Rationale: Evidence links alterations in α5-containing nicotinic receptors (α5*-nAChRs) to nicotine addiction. Notably, the rs16969968 polymorphism in the α5 gene (α5SNP) increases the risk for heavy smoking and impairs nicotine-rewarding properties in mice. Additional work is needed to understand how native and polymorphic α5*-nAChRs contribute to processes associated with the risk for nicotine addiction.
Objectives: We aimed at understanding the contribution of α5*-nAChRs to endophenotypes like increased responses to novelty and anxiety, known to promote vulnerability to addiction, and to the response of the dopamine and serotonin systems to nicotine.
Methods: Behavioural phenotypes were investigated in mice lacking the α5 gene (α5(-/-)). Nicotine injections were performed to test the consequences of nicotine exposure on the phenotypes identified. Dopamine and serotonin signalling were assessed using in vivo microdialysis and electrophysiology. We used lentiviral vectors to compare the consequences of re-expressing either the α5 wild-type allele or the α5SNP in specific brain areas of α5(-/-) mice.
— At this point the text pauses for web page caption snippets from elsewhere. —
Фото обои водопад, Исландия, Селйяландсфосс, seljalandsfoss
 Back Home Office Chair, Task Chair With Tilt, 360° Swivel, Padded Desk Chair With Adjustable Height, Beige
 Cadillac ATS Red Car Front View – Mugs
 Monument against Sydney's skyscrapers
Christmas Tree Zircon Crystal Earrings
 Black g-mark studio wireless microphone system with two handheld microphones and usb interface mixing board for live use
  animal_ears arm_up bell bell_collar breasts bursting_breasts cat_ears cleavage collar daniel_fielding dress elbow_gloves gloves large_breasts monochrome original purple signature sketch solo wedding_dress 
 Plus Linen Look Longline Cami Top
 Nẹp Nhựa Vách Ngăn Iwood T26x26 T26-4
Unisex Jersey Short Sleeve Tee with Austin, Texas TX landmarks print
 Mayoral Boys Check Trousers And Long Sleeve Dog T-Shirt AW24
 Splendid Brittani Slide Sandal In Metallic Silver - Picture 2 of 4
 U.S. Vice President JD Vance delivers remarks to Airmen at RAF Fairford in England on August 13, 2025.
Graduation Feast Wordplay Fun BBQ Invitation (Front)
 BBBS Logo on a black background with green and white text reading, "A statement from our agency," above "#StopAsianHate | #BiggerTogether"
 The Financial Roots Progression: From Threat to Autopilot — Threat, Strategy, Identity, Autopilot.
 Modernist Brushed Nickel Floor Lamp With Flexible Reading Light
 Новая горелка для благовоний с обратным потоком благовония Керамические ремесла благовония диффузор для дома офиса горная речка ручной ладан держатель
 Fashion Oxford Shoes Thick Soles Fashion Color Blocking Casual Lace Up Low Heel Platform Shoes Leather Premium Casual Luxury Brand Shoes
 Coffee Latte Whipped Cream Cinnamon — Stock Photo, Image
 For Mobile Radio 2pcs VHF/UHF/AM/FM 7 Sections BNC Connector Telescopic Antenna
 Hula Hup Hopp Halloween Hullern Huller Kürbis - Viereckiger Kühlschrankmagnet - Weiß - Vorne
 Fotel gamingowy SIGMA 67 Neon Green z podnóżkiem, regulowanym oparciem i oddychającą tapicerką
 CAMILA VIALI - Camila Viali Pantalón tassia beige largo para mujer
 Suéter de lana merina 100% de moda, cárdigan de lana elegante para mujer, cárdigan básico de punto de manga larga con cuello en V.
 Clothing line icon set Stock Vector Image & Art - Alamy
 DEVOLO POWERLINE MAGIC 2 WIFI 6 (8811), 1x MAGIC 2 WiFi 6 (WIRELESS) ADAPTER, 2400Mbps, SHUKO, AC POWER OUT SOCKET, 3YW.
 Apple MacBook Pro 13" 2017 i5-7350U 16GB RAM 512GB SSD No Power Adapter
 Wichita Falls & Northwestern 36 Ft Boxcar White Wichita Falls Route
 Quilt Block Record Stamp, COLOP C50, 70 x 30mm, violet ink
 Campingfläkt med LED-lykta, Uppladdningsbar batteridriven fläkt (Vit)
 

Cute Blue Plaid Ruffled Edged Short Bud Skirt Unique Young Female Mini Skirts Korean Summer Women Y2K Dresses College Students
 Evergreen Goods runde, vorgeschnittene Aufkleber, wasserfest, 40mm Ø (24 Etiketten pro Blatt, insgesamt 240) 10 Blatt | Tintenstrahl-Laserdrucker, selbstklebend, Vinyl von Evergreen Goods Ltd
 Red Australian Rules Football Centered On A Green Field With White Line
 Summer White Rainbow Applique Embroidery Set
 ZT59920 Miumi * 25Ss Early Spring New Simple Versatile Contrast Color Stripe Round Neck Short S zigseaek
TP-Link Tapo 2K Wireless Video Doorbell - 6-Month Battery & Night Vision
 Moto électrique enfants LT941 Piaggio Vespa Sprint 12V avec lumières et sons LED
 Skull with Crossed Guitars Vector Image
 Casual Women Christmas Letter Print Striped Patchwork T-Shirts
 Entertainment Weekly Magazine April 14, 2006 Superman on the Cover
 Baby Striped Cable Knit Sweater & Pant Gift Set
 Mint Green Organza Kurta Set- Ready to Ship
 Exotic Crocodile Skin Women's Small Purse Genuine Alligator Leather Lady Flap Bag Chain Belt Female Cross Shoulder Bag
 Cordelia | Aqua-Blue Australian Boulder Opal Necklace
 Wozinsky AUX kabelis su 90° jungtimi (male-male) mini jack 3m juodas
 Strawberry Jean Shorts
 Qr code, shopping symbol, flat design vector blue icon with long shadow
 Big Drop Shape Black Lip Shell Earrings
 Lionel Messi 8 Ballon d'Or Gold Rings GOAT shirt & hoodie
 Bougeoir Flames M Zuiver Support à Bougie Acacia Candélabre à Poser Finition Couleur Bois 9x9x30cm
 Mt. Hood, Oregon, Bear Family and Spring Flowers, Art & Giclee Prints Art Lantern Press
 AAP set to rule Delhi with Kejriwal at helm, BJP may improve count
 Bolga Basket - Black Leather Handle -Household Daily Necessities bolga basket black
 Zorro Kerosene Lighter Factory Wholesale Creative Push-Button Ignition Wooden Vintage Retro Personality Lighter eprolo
Results: α5(-/-) mice did not exhibit high responses to novelty but showed decreased novelty-induced rearing behaviour together with high anxiety. Exposure to high doses of nicotine rescued these phenotypes. We identified altered spontaneous and nicotine-elicited serotonin and dopamine activity in α5(-/-) mice. Re-expression of α5 in the ventral tegmental area and hippocampus rescued rearing and anxiety levels in α5(-/-) mice, respectively. When expressing the α5SNP instead, this resulted in a knockout-like phenotype for both behaviours.
Conclusions: We propose that altered α5*-nAChR cholinergic signalling contributes to emotional/behavioural impairments that may be alleviated by nicotine consumption.
Keywords: Addiction; Anxiety; Lentiviral vector; Mice; Monoamines; Nicotine; Nicotinic receptors; Novelty; Polymorphism; Vulnerability.